# Is This Baby Rare?



## remb1000 (Jan 17, 2012)

Hello

Does anybody out there not much about this John Barrel chap?

Or maybe even this particular watch.

Your thoughs would be much appreciated.

Thanks

Robert



















Image not available










Image not available

Image not available


----------



## zoki (Jan 9, 2012)

beson watches ive seen before but this one not 

here is one

http://www.tennants.co.uk/Catalogue/Lots/35938.aspx

the way they speak about him arround different webistes it seem he was retailer

http://www.thewatchforum.co.uk/index.php?showtopic=57312

and here is one if not yours 

http://www.ebay.com/itm/ANTIQUE-OLD-JOHN-BARREL-EXAMINED-J-W-BENSON-LONDON-POCKET-WATCH-SWISS-MADE-/170776583424


----------



## pugster (Nov 22, 2004)

jw benson is the maker , theres plenty info out there

john barrel is either an old retailer or it looks like someone named 'john barrel' has either had his name printed or written /painted it on the dial 

i guess its rare in the sense that it was written for one person (making it a one off dial) , there may be other ppl named john barrel about tho 

*the above ebay link has already failed to sell at that price on at least one occasion


----------



## remb1000 (Jan 17, 2012)

Cheers fella's

I found one or two pocket watches with this john barrel name onit.

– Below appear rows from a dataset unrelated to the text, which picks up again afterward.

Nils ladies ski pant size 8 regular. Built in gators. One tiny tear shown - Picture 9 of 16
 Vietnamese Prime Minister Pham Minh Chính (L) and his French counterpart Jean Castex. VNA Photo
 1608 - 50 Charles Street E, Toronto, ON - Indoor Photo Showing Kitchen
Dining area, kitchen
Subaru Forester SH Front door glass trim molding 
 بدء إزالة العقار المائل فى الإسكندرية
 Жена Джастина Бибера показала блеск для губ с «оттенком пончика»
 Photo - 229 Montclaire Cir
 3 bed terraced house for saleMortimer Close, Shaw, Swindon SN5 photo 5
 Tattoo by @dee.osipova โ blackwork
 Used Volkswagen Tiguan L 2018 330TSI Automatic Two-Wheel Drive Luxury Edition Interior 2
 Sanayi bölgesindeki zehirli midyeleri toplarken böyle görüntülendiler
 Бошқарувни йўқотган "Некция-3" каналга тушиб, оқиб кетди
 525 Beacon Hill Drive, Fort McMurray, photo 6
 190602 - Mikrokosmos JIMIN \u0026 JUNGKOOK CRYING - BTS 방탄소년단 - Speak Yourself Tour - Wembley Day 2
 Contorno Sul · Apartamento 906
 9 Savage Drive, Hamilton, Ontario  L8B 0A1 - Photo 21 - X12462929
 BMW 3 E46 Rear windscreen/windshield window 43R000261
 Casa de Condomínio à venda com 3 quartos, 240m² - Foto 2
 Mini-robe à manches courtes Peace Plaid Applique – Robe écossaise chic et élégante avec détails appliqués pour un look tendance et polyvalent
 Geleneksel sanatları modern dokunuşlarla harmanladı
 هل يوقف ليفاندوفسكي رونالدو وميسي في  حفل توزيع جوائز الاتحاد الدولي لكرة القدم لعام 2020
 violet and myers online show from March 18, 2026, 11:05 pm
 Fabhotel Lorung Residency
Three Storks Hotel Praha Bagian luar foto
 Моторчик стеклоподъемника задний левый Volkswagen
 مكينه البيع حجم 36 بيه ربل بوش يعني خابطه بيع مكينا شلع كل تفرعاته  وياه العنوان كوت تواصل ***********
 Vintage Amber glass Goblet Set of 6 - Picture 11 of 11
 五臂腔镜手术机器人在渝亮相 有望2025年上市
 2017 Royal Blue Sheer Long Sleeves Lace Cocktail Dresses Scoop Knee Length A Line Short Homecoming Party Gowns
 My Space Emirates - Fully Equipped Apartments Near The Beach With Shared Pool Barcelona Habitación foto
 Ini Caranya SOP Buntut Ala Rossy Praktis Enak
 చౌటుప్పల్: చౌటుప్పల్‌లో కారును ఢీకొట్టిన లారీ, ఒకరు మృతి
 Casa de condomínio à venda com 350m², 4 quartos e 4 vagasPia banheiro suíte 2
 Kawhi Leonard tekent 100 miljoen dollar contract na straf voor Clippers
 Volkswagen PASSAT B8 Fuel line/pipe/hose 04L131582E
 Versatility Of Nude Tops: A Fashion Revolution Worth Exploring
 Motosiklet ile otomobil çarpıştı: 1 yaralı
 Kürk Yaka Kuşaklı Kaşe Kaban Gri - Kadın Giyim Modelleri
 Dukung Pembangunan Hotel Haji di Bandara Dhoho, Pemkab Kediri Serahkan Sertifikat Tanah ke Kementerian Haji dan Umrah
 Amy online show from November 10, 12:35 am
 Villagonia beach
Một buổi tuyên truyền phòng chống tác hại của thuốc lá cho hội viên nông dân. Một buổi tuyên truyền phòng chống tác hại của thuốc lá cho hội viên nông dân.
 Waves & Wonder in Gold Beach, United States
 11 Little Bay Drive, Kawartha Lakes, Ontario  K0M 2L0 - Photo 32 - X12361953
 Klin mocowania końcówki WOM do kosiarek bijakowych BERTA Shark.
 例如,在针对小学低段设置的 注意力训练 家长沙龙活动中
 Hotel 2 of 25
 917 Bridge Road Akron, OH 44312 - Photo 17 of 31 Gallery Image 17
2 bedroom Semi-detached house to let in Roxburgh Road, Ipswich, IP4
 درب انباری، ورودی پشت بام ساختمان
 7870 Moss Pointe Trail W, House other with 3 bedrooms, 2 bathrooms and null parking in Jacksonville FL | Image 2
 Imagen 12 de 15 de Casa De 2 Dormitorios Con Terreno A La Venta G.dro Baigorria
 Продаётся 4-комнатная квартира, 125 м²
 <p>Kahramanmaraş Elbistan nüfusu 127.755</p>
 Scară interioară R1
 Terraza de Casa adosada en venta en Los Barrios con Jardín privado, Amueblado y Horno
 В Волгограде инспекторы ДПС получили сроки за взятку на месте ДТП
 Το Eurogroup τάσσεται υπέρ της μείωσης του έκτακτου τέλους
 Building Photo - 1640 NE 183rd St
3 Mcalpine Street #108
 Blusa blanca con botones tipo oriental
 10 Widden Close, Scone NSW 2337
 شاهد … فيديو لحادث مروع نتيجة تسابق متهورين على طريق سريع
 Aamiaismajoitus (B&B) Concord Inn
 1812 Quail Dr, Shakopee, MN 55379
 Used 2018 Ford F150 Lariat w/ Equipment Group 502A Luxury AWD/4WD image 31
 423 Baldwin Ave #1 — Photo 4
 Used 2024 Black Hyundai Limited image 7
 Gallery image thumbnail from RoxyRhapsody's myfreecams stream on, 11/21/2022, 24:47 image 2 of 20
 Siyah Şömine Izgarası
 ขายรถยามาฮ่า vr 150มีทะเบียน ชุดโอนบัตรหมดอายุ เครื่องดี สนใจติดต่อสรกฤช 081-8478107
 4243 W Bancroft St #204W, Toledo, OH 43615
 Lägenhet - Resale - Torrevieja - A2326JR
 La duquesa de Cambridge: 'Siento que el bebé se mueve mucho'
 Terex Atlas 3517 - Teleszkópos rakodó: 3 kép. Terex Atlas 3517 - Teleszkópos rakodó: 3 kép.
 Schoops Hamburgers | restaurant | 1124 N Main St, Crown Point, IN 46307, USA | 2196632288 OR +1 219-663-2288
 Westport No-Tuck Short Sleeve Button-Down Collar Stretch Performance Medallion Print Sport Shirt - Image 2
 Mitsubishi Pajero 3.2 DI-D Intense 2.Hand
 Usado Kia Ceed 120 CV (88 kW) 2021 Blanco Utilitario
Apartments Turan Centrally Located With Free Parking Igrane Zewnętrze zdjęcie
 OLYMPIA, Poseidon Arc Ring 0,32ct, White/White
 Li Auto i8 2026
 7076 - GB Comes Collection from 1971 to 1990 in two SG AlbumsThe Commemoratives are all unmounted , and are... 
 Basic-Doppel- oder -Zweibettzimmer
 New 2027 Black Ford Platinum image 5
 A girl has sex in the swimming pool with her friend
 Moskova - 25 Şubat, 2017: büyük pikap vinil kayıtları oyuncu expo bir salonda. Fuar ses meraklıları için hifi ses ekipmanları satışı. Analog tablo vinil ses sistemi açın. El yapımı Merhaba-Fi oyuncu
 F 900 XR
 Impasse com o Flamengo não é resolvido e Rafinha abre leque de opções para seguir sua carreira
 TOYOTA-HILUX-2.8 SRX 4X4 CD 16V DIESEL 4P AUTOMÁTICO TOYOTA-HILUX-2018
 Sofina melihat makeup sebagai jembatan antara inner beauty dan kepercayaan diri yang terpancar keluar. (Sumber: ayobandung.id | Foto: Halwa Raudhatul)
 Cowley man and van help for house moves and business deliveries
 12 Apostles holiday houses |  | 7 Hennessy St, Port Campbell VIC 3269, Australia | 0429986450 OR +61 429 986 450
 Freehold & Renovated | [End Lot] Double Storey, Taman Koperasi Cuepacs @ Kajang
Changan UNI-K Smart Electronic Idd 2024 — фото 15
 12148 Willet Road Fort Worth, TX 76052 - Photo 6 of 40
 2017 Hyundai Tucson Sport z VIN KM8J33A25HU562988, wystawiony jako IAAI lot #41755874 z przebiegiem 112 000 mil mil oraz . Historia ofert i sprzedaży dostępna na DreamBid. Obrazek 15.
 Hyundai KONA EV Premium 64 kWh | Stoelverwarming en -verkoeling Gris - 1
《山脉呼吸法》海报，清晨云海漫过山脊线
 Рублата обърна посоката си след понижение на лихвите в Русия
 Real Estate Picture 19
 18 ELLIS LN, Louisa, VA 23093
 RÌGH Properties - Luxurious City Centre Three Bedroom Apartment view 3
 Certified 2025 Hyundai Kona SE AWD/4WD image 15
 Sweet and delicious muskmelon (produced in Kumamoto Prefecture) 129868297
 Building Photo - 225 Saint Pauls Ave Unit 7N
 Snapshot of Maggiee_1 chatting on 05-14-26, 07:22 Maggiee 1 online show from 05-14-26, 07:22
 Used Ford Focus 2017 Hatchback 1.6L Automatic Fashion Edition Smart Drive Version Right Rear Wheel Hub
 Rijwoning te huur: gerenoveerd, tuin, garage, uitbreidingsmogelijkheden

Problem is their is nothing realy out there about this particular individual.

Yes I do know that J.W Benson made this, found plenty ofinfo about that company.

Some nice pieces they make.

And no that ebay link is not the one I posted but it sure as hell look very very similar if not identical.

This is turn gives me an idea of the price.

And if that one on ebay is selling for 150USD.

We can come to the conclusion that no this watch is not rare nor very valuable.

Regards


----------



## zoki (Jan 9, 2012)

great

i was joking about you posting it on ebay, the ebay one is worse condition

greetings to ireland


----------



## remb1000 (Jan 17, 2012)

No worrys, 

Thanks


----------